The scope_stack[] is distinct from scope_tree[] (Phase 1A). The scope tree is a flat immutable array indexed by scope_id; the scope stack is a mutable LIFO stack driven by {/} during Pass 2 emission.

SCOPE_CTRL_PAREN / SCOPE_FOR_PAREN nodes created at ( after while / for / switch carry is_loop / is_switch (from the keyword, not from a following {). defer_walk uses this so break / continue inside a GNU statement expression in a condition (e.g. while (({ if (1) break; 1; }))) stops at the control paren and does not run outer defers as if exiting the whole function—before this, only SCOPE_BLOCK carried those flags and the loop body block did not exist yet.

Per-function metadata

FuncMeta {
    body_open              : Token*
    ret_type_start         : Token*
    ret_type_end           : Token*
    ret_type_suffix_start  : Token*
    ret_type_suffix_end    : Token*
    returns_void           : bool
    has_computed_goto      : bool     — function contains computed goto (*ptr)
    entry_start            : int      — start index into p1_entries[]
    entry_count            : int      — count of P1FuncEntry items
    defer_name_set         : HashMap  — exact set of captured names (union of all defer bodies)
    defer_body_captures    : HashMap  — tok_idx(body) → HashMap* (per-body capture sets)
    label_hash             : int*     — open-addressing hash table: name → entry index (-1=empty)
    label_hash_mask        : int      — power-of-2 mask for label_hash probing
}

Taint flags: has_setjmp/has_vfork/has_asm_goto are NOT stored in FuncMeta. They are tag bits (TT_SPECIAL_FN, TT_NORETURN_FN, TT_ASM) on the function body's opening { token, set by the tokenizer during taint-graph construction. Checked at defer-allocation time via func_meta[idx].body_open->tag.

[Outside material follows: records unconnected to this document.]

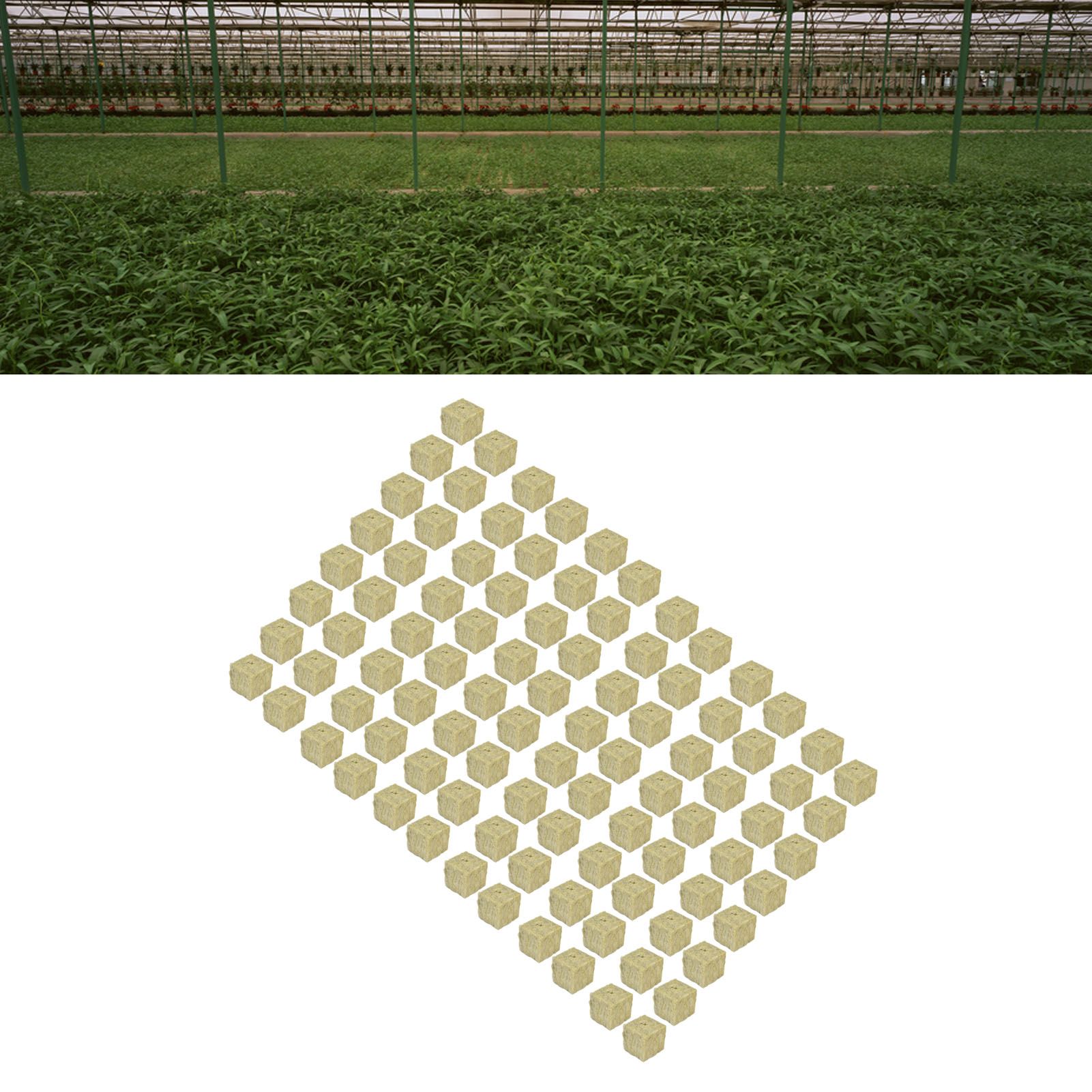 96PCS Plant Seedling Block Stonewool Grow Block Starter Plugs Garden Seedling view 11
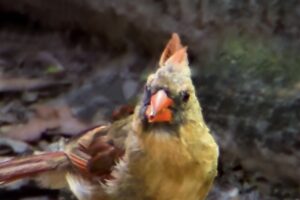 A female cardinal is on high alert while down on the ground to get a snack.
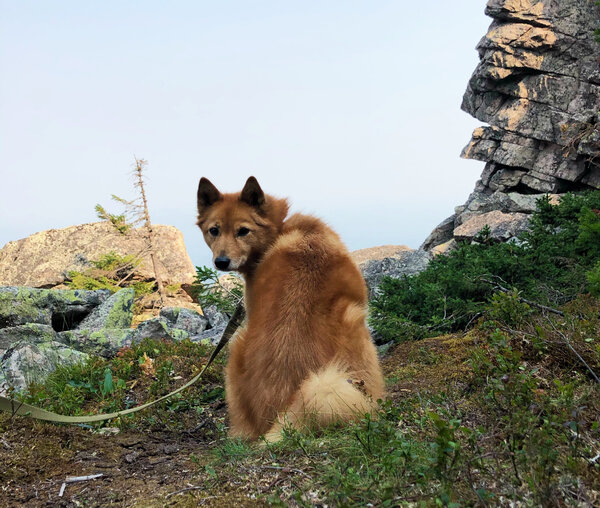 Финский шпиц: история, стандарты, характер, содержание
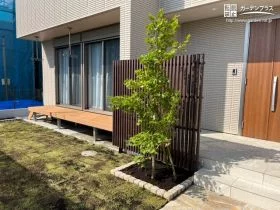 モダンな建物にも合うカエデ[施工後]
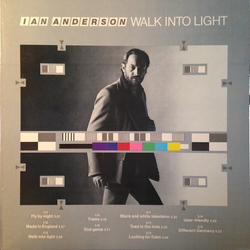 Ian Anderson Walk Into Light Vinyl LP USED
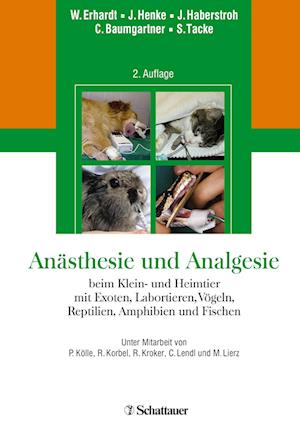 Anästhesie und Analgesie beim Klein- und Heimtier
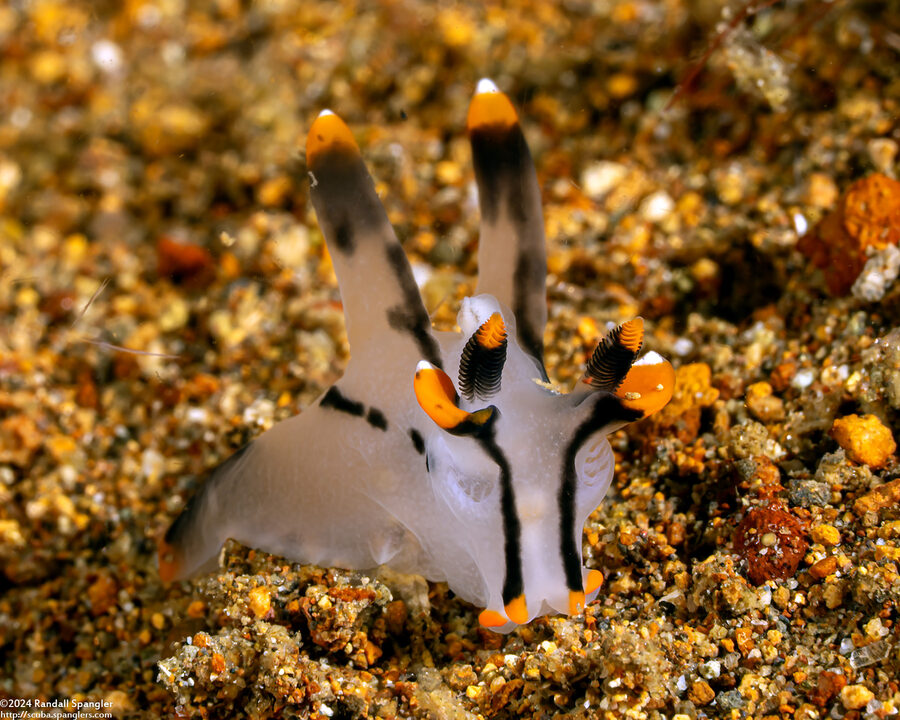 Thecacera picta (Painted Thecacera)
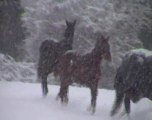 kalimero Z avendre sous la neige en normandie le 20decembre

Lookup during Pass 2: linear scan by body_open pointer (typically < 100 functions per TU).

Per-function entry array

P1FuncEntry {
    kind         : enum { P1K_LABEL, P1K_GOTO, P1K_DEFER, P1K_DECL, P1K_SWITCH, P1K_CASE }
    scope_id     : uint16_t
    token_index  : uint32_t
    tok          : Token*
    union {
        label  { name, len, exits }                                — for P1K_LABEL, P1K_GOTO (exits: pre-computed scope exits for P1K_GOTO)
        decl   { has_init, is_vla, has_raw, is_static_storage,
                 body_close_idx }                                  — for P1K_DECL (body_close_idx: braceless body end position, 0 = not braceless)
        kase   { switch_scope_id }                                 — for P1K_CASE
    }
}

All functions share one global p1_entries[] array. Each FuncMeta indexes into it via entry_start / entry_count.

Shadow table

P1ShadowEntry {
    name        : char*
    len         : int
    scope_id    : uint16_t
    token_index : uint32_t
    prev_index  : int         — chain to previous shadow for same name (-1 = none)
}

Stored in a flat array with a hashmap keyed on name. Supports multiple shadows per name (chained via prev_index).

Allocation policy

Array	Allocation	Freed by
`Token.ann`	Inline in token pool	`tokenizer_teardown(true)` (frees token pool)
`scope_tree[]`	`ARENA_ENSURE_CAP`	`arena_reset()`
`func_meta[]`	`ARENA_ENSURE_CAP`	`arena_reset()`
`p1_entries[]`	`ARENA_ENSURE_CAP`	`arena_reset()`
`p1_shadow_entries[]`	`ARENA_ENSURE_CAP`	`arena_reset()`
`p1_shadow_map.buckets`	`arena_alloc`	`arena_reset()`
`typeof_vars[]`	`ARENA_ENSURE_CAP` (ctx, reused)	`arena_reset()`
`bracket_oe_ids[]`	`ARENA_ENSURE_CAP` (ctx, reused)	`arena_reset()`

All arena-allocated structures are automatically reclaimed by prism_reset() → arena_reset() on any error_tok() that longjmps out. arena_alloc_uninit has an overflow guard: size > SIZE_MAX - (ARENA_ALIGN - 1) is rejected before the alignment addition, preventing wrap-around to a tiny allocation.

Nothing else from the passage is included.